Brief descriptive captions
——
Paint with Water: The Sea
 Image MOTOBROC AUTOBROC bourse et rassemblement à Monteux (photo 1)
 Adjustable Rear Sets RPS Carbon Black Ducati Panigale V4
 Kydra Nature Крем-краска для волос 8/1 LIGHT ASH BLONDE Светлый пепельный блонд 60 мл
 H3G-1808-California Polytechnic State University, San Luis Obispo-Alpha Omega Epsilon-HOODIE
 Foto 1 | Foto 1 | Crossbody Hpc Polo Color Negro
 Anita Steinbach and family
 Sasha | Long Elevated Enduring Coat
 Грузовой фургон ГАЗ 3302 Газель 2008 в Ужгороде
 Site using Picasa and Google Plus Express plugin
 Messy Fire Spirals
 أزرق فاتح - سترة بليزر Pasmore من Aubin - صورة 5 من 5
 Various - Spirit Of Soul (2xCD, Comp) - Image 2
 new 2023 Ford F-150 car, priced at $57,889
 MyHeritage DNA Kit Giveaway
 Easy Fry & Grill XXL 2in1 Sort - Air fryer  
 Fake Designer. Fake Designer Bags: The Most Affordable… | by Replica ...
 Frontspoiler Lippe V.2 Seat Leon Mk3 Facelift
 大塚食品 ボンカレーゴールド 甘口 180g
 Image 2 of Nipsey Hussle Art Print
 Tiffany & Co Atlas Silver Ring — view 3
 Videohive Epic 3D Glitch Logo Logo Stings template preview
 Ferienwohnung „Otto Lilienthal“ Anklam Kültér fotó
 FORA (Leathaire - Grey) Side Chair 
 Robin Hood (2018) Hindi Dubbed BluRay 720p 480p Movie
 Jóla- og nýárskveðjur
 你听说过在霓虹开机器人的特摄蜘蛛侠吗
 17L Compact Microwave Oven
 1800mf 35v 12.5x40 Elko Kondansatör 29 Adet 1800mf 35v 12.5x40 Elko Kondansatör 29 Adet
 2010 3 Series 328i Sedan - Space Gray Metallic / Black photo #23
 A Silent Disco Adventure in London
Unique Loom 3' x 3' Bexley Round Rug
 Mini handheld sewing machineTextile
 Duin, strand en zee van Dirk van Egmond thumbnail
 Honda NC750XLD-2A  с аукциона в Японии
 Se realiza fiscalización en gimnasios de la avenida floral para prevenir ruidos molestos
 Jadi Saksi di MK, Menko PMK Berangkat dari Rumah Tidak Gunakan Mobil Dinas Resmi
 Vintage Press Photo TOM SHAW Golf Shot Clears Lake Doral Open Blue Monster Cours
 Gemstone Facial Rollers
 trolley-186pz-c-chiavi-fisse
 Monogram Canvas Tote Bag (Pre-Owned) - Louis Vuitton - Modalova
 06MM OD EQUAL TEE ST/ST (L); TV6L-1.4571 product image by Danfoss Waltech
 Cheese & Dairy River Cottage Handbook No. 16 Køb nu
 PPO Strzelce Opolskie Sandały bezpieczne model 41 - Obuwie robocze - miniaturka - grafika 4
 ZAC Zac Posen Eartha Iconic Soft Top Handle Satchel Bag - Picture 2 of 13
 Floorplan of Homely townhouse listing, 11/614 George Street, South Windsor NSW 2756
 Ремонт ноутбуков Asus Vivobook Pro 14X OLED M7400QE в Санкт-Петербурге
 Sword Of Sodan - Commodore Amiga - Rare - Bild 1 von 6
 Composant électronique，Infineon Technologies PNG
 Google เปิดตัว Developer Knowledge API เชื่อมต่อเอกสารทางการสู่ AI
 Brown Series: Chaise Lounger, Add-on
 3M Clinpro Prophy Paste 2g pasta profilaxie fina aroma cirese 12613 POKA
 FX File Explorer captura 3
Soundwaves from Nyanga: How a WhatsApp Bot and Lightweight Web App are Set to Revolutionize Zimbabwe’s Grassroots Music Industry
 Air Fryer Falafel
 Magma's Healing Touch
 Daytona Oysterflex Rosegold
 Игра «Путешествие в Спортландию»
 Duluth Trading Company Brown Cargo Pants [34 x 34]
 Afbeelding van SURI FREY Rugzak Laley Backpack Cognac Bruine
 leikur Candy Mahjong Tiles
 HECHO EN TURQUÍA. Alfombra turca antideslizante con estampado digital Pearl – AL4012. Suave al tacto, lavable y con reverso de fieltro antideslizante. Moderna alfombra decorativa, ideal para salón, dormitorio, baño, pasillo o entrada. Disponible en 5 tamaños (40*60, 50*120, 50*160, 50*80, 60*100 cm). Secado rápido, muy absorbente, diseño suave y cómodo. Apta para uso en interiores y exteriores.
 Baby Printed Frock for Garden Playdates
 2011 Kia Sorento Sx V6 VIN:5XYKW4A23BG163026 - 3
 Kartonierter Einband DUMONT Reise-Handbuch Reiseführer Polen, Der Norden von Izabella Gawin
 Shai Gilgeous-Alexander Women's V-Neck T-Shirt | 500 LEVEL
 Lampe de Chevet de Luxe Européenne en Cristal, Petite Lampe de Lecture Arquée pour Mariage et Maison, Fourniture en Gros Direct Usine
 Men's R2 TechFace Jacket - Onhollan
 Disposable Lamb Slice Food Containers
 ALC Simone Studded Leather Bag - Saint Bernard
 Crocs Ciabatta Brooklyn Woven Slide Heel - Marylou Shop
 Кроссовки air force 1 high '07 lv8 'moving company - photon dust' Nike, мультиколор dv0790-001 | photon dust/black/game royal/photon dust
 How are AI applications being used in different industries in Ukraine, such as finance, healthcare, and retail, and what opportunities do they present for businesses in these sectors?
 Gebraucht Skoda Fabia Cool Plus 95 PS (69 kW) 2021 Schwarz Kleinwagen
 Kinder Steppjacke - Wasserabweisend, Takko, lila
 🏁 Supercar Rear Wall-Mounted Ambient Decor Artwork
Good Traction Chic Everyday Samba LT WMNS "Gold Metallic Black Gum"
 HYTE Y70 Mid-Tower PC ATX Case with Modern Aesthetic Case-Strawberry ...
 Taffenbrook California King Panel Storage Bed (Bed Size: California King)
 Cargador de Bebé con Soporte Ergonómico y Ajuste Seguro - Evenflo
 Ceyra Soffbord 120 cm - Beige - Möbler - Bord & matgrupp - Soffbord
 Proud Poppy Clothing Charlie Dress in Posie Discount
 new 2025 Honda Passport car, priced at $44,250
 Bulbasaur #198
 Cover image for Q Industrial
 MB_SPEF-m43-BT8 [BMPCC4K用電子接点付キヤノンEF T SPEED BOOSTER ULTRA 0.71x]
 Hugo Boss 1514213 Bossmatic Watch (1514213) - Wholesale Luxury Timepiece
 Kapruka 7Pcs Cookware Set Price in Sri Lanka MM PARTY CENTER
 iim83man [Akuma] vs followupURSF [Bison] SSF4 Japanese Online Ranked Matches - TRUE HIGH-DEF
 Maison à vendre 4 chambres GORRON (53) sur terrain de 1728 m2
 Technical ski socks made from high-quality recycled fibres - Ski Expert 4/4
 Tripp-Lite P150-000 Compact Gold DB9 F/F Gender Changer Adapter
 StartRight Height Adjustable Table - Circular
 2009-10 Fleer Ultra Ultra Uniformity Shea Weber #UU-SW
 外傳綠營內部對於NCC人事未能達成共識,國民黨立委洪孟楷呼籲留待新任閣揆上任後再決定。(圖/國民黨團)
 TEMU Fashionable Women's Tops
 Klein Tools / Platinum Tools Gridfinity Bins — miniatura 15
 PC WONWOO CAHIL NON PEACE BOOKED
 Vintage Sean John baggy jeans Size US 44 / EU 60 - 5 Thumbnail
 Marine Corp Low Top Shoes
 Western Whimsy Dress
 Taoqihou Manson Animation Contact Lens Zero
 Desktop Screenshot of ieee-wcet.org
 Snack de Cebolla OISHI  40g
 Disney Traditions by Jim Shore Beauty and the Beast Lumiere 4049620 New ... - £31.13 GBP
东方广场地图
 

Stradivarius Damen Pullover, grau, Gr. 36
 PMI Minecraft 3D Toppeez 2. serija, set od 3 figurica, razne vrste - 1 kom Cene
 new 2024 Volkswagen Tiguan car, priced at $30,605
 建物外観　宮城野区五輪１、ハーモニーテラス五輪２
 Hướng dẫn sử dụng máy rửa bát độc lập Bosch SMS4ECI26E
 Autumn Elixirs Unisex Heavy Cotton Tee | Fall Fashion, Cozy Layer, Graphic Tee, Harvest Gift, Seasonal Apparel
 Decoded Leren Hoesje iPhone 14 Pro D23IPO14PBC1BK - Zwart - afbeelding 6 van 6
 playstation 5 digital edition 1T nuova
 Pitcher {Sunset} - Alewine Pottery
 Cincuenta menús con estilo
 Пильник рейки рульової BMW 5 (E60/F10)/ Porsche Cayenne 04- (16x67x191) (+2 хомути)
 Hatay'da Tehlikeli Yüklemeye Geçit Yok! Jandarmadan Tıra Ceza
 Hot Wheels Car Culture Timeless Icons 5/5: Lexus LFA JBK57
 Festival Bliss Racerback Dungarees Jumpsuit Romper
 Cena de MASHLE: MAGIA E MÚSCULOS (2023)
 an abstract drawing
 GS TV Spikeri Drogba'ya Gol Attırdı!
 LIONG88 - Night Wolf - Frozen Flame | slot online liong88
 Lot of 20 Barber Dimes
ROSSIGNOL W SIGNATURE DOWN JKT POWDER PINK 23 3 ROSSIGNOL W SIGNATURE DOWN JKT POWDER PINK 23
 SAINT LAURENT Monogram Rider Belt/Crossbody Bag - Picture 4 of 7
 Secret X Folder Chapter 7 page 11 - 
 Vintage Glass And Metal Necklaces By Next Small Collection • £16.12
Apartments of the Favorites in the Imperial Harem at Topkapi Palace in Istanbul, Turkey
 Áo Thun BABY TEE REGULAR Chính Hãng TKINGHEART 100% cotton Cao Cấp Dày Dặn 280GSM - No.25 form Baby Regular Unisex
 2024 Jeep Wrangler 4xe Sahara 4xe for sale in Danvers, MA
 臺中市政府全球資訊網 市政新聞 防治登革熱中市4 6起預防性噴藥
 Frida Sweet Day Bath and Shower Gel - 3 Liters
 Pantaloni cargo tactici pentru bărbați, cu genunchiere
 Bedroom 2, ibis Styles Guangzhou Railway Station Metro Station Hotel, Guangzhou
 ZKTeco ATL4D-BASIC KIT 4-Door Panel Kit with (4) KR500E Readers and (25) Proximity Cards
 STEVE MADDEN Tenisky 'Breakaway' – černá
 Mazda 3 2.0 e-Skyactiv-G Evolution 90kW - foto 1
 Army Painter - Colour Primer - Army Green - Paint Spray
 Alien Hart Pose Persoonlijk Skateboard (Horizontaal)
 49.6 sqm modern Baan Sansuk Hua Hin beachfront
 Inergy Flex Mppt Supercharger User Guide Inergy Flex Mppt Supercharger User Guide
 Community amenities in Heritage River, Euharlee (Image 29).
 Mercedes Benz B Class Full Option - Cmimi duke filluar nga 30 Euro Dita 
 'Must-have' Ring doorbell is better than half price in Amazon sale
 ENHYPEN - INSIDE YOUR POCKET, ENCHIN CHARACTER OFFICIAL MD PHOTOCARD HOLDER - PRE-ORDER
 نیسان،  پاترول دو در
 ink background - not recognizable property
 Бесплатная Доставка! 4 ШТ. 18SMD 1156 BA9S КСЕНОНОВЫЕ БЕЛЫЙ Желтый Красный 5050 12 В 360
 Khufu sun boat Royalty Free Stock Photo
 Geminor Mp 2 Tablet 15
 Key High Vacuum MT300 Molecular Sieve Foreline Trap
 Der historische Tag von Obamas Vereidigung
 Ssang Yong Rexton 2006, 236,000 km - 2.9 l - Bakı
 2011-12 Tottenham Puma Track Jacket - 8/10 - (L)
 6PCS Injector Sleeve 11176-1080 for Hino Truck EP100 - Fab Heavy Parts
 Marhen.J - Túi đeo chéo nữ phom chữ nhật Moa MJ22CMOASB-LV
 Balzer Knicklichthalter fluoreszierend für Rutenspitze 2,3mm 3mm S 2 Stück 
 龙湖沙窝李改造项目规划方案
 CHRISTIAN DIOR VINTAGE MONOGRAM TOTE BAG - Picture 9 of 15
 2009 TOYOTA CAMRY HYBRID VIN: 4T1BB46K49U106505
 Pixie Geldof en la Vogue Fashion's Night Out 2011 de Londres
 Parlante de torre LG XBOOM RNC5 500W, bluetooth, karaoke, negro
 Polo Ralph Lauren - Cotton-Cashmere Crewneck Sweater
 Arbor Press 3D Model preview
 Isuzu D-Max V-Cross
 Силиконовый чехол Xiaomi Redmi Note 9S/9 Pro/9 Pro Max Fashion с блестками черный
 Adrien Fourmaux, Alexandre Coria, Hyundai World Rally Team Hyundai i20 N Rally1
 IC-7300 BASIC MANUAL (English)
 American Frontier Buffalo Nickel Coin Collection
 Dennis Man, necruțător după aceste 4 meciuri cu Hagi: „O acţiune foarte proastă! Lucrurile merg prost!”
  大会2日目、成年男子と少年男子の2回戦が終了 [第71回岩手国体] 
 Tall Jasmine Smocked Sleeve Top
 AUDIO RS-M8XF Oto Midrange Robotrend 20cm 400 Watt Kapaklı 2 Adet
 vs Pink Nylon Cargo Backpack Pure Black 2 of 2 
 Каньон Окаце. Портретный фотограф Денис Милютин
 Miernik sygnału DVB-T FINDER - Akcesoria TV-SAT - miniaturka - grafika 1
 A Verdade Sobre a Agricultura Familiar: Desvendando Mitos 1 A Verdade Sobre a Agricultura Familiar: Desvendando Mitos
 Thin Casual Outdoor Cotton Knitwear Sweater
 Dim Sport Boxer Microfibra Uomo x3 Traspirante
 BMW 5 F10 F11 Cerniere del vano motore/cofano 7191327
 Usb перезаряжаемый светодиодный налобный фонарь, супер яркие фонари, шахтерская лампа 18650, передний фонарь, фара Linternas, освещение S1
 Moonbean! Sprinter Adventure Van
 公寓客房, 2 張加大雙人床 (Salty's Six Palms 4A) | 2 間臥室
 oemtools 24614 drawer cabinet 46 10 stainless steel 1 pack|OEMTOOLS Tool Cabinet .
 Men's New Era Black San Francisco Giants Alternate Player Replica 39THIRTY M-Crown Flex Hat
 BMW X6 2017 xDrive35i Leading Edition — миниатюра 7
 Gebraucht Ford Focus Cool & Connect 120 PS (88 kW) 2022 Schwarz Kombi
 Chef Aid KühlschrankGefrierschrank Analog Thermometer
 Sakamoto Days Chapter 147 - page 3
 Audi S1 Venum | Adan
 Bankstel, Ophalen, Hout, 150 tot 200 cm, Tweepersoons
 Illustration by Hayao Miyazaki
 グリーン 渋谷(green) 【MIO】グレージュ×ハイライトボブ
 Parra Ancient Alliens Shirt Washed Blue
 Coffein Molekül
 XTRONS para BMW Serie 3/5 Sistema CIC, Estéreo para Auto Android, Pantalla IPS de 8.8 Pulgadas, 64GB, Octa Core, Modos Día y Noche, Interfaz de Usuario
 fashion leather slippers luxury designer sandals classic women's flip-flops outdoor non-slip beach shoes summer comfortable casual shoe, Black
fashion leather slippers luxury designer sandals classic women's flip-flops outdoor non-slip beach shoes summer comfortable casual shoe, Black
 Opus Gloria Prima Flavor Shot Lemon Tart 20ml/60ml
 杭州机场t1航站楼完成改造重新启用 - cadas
——
__Work instruction__
Write out the records above exactly, from the opening line to the line with "Easy Fry & Grill XXL 2in1 Sort - Air fryer", including both, with nothing added.

__Written response__
Paint with Water: The Sea
 Image MOTOBROC AUTOBROC bourse et rassemblement à Monteux (photo 1)
 Adjustable Rear Sets RPS Carbon Black Ducati Panigale V4
 Kydra Nature Крем-краска для волос 8/1 LIGHT ASH BLONDE Светлый пепельный блонд 60 мл
 H3G-1808-California Polytechnic State University, San Luis Obispo-Alpha Omega Epsilon-HOODIE
 Foto 1 | Foto 1 | Crossbody Hpc Polo Color Negro
 Anita Steinbach and family
 Sasha | Long Elevated Enduring Coat
 Грузовой фургон ГАЗ 3302 Газель 2008 в Ужгороде
 Site using Picasa and Google Plus Express plugin
 Messy Fire Spirals
 أزرق فاتح - سترة بليزر Pasmore من Aubin - صورة 5 من 5
 Various - Spirit Of Soul (2xCD, Comp) - Image 2
 new 2023 Ford F-150 car, priced at $57,889
 MyHeritage DNA Kit Giveaway
 Easy Fry & Grill XXL 2in1 Sort - Air fryer  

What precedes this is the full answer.